Personal Testimonies of Education in Guyana
In The Borgen Project’s interview with Nadira Barclay, a student of Guyana, she stated her belief that “there are factors such as not having enough money to travel to school that affect your quality and quantity of education.” That being said, living in poverty takes away the means one may need to succeed educationally.
For Barclay, her education in Guyana brought her through only primary school — grades 1-6; since she lived in the countryside, the only way she would have been able to attend secondary school with minimal costs was to live with someone closer to the school. Due to the fact that she was a young girl, however, her father did not allow her to make the transition.

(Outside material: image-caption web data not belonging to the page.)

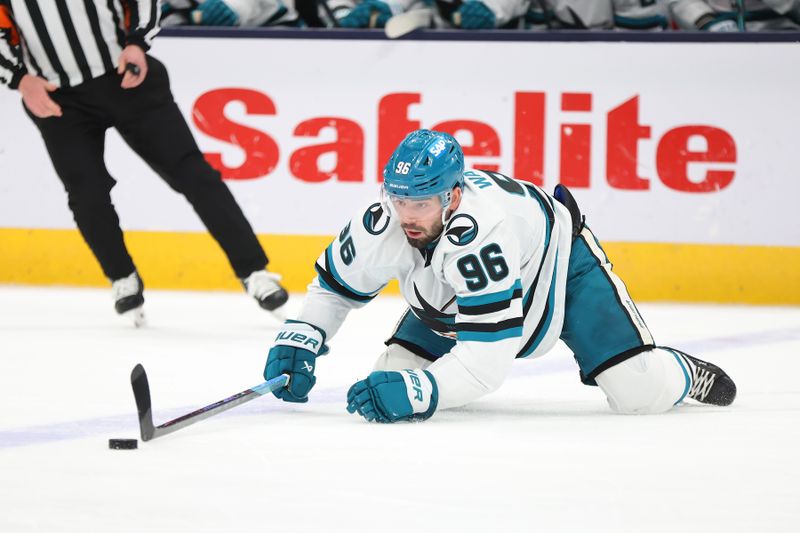 Jan 16, 2025; Columbus, Ohio, USA;  San Jose Sharks defenseman Jake Walman (96) reaches for the puck during the second period against the Columbus Blue Jackets at Nationwide Arena. Mandatory Credit: Joseph Maiorana-Imagn Images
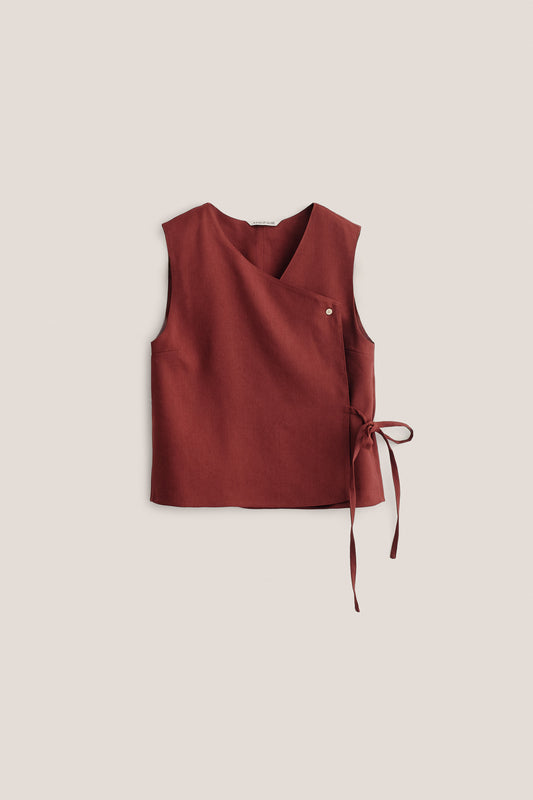 Women's sleeveless wrap shirt in linen, virgin wool, mohair blend, terracotta, with V-neck and side ties.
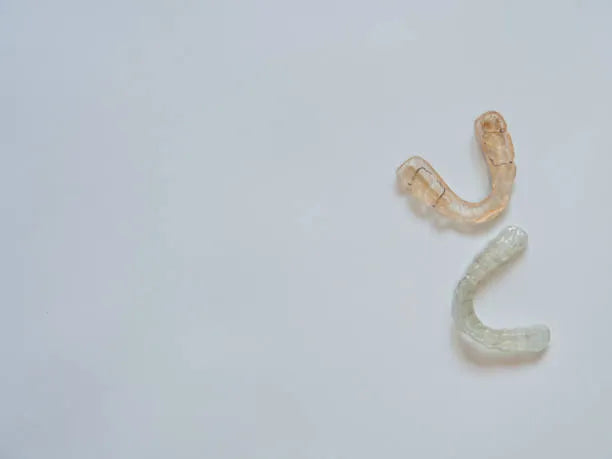 Nicotine stains on clear retainers caused by smoking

This is a prime example of the inconveniences students face while trying to pursue education in Guyana. Since Barclay only had a Primary school education, her ability and qualifications to work were limited, which is why today she works as a home health aide for the elderly.
On the other hand, Famida Sukhdeo, an individual Barclay cares for who is also from Guyana, explained, “I had to leave school to take care of my grandmother who was sick. I had to basically babysit her. I had to feed her, bathe her, and clean for her.” Sukhdeo’s case is one of many Guyanese women. For Sukhdeo, she spent her time in the workforce as a nanny, a job not far from what she had to do when she dropped out of school, due to her limited ability to read and write.
Redefining Educational Opportunities
So far, readers have seen the issue of travel costs, sex and domestic responsibilities in relations to education. Both Barclay and Sukhdeo were women raised in poverty who did not have a choice but to comply to gender-based restrictions despite their want to pursue higher education, as their options were limited by their social standings.
Unlike the United States that requires all children to attend school of all levels — from elementary to high school — Guyana makes no such stipulations. In fact, only primary school, which serves children ages 6 to 11, is compulsory. After completion, adolescents are no longer required to attend school and mostly resort to performing domestic tasks such as housekeeping and raising cattle.
As of 2012, Guyana’s expenditure on education from the total GDP was 3.18 percent, 5.22 percent lower than in 2000. According to both Barclay and Sukdheo, back when they were living in Guyana, the government played a bigger role in promoting and supporting education. For instance: “They used to give out clothes, supplies and money to children for school, but all that has stopped.”
Since there is less effort being given towards education in Guyana, research demonstrates that as the age of the population increases, so does the illiteracy rate. As both Barclay and Sukhdeo were able to explain, their lack of education affected them in the long run, especially for employment.
Support and Advocacy Efforts
As of 2002 and continuing to the present day, Global Partnership for Education, coordinated through the World Bank has begun working to improve the quality and quantity of education. This is being done by targeting areas: increasing the number of trained faculty, providing increased access to technology improving the conditions of physical facilities and so on.
So far, the Global Partnership for Education and the government of Guyana have agreed on two goals: increasing the learning outcomes for all regardless of background, and decreasing the differences of education received depending on factors, such as location.
There have also been goals set in place to measure Guyana’s progress: increasing literacy among fourth grade students to 50 percent, increasing the quantity of sixth grade students who reach 50 percent or more in core subjects to 40 percent, and increasing the number of students who pass core subject tests in secondary schools to 60 percent.
A Brighter Future
By continually working with the Global Partnership for Education, education in Guyana will continue to improve as the awareness and importance of education spreads. Thanks to continued organizational efforts and a U.S. education-geared grant of $1.7 million, the quality of education and quality of life of its recipients should both hopefully improve.